Wie mir ein RTL-Sprecher glaubhaft versicherte, hat keiner der Kritiker, inklusive des Deutschen Kinderschutzbundes (DKSB), der die Diskussion letzte Woche lostrat, die Sendung gesehen. RTL sagt “Wir laden unsere Kritiker ein, sich die Sendung anzusehen”. Selbst der DKSB ist laut RTL nicht auf den Sender zugekommen, weder vor noch nach seiner Erklärung. Gesehen hat sie nur die Freiwillige Selbstkontrolle Fernsehen (FSF) und ihr eine “positive pädagogische Absicht” attestiert.

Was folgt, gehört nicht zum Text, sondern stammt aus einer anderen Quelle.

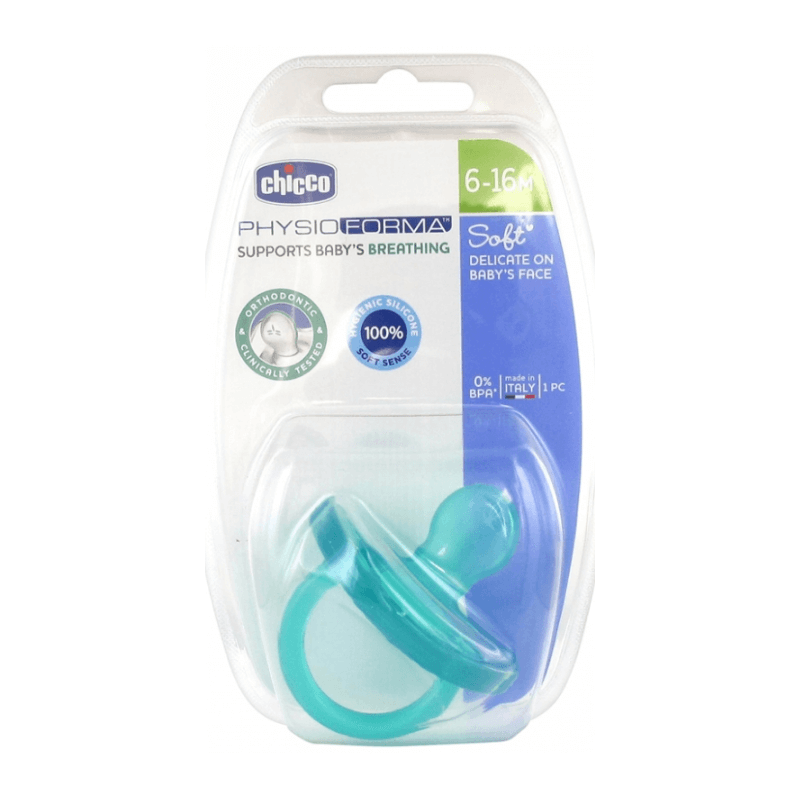 Chicco soothing nipple physio soft silicone blue 6-16m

Petra Pluwatsch vom Kölner Stadt-Anzeiger hat sich die Mühe gemacht, Hintergründe zu recherchieren und mit jemandem von der FSF zu sprechen. In ihrem recht ausgewogenen Artikel heißt es entsprechend:

Das Kernproblem sei die Tatsache, dass kleine Kinder in fremde Hände gegeben würden, so Joachim von Gottberg [Geschäftsführer der FSF]. „Da muss man sich fragen: Geht so etwas? Wissen die Eltern, was sie tun? Nehmen die Kinder Schaden, wenn sie in fremde Hände gegeben werden? Ist es generell in Ordnung, Kinder ans Fernsehen auszuleihen und abzugeben?“ Bei einigen dieser Fragen habe ihn durchaus ein ungutes Gefühl geschlichen. Auf der anderen Seite sehe er aber auch die „sozial wichtige Funktion einer solchen Sendung und ihre sinnvollen Tendenzen. Wie wollen Sie den jungen Leuten sonst klar machen, was es bedeutet, Kinder zu haben?“.

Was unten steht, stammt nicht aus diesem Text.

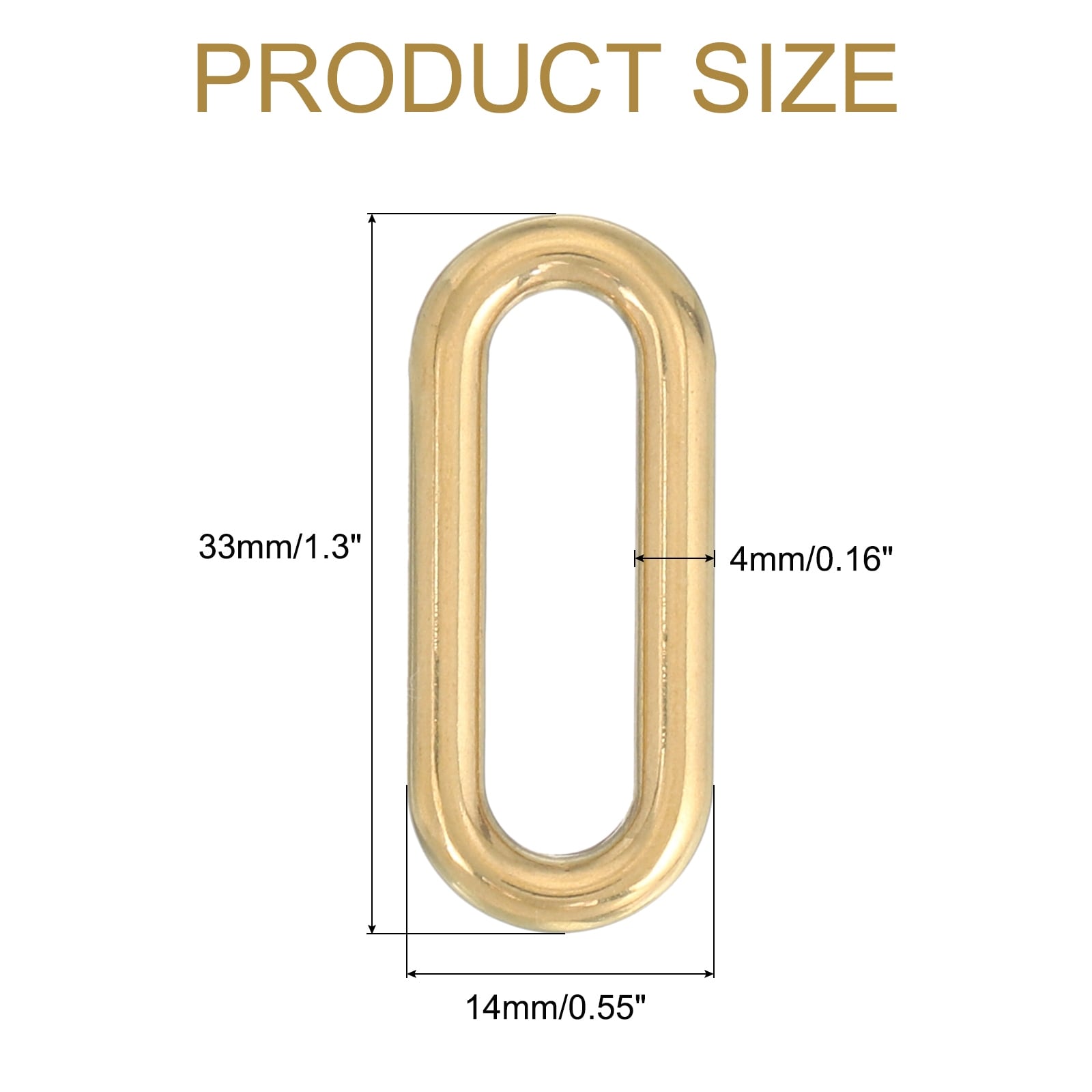 Metal Rings Buckle for Bag Belt Strap Craft DIY Accessories, Gold, Oval Ring - Gold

Ganz anders die Reichsbedenkenträger, egal ob sie von SPD, FDP, den Grünen (Pressemitteilung nicht online) oder allen Parteien gemeinsam (dito) kommen (oder auch von KStA-Kommentator Stefan Sauer, der anders als seine Kollegin anscheinend nicht nachgedacht hat vor dem Schreiben). Obwohl sie alle die Sendung (und ihr englischsprachiges Vorbild vermutlich auch) nicht kennen, werfen sie ihr die wüstesten Dinge vor.

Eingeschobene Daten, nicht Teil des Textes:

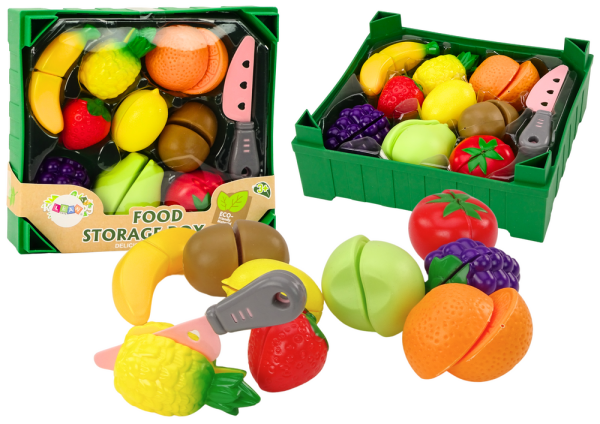 Lean Obstschneideset in einer Box, 9-teilig, grünes Messer  Spielset Küche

Sie ist “ungeeignet und unmoralisch” meint Schleswig-Holsteins Familienministerin Gitta Trauernicht; Kinder würden “unverantwortlich” instrumentalisiert, sagt der Kinderschutzbund. Am besten ist FDP-Familienpolitikerin Ina Lenke. Sie nennt die Sendung in der Überschrift zu ihrer Pressemitteilung “Kinder verleihen” und sagt: “Säuglinge, die nicht über sich bestimmen können, werden zur Sensationsware erniedrigt.” – Ehrlich gesagt, kenne ich keinen einzigen Säugling, der über sich bestimmen darf. Wenn er oder sie das dürfte, fände ich das ehrlich gesagt viel bedenklicher. KStA-Kommentator Frank Sauer vergleicht die Sendung mit einer Art Kaspar-Hauser-Experiment von Friedrich II. und bescheinigt den Eltern eine “erbärmliche Bindung (…) zu ihren Kindern”.

Harter Tobak. Man muss “Erwachsen auf Probe” nicht gut finden, aber ob es das alles verdient hat? Wer kann das schon wissen. Bestimmt nicht die Schreihälse aus der Politik, die die Sendung ja auch noch nicht kennen. Ich auch nicht, übrigens, denn ich habe die Sendung natürlich auch noch nicht gesehen (außer diesem YouTube-Clip und ein paar anderen).

Ich bin nur mal wieder erstaunt, wie leicht man zu Aufmerksamkeit kommt, wenn man sich nur laut genug aufregt. Und wie dann alle drauf einsteigen, die noch weniger wissen, als man selbst. Und damit natürlich RTL vermutlich astreine Quoten am 3. Juni bescheren.

P.S.: Die nun folgende Meinung ist natürlich auch völlig unqualifiziert. Wäre ich eine Frau, würde sie vielleicht auch anders aussehen, aber: Gehen nicht viele Eltern schon drei Monate nach der Geburt wieder arbeiten und lassen das Baby dafür tagelang in fremden Händen? Und nicht nur die, die keine andere Wahl haben, sondern auch solche, die einfach gerne arbeiten und Karriere machen wollen?

[Nachtrag: Petra Schellen von der taz ist ähnlicher Meinung.]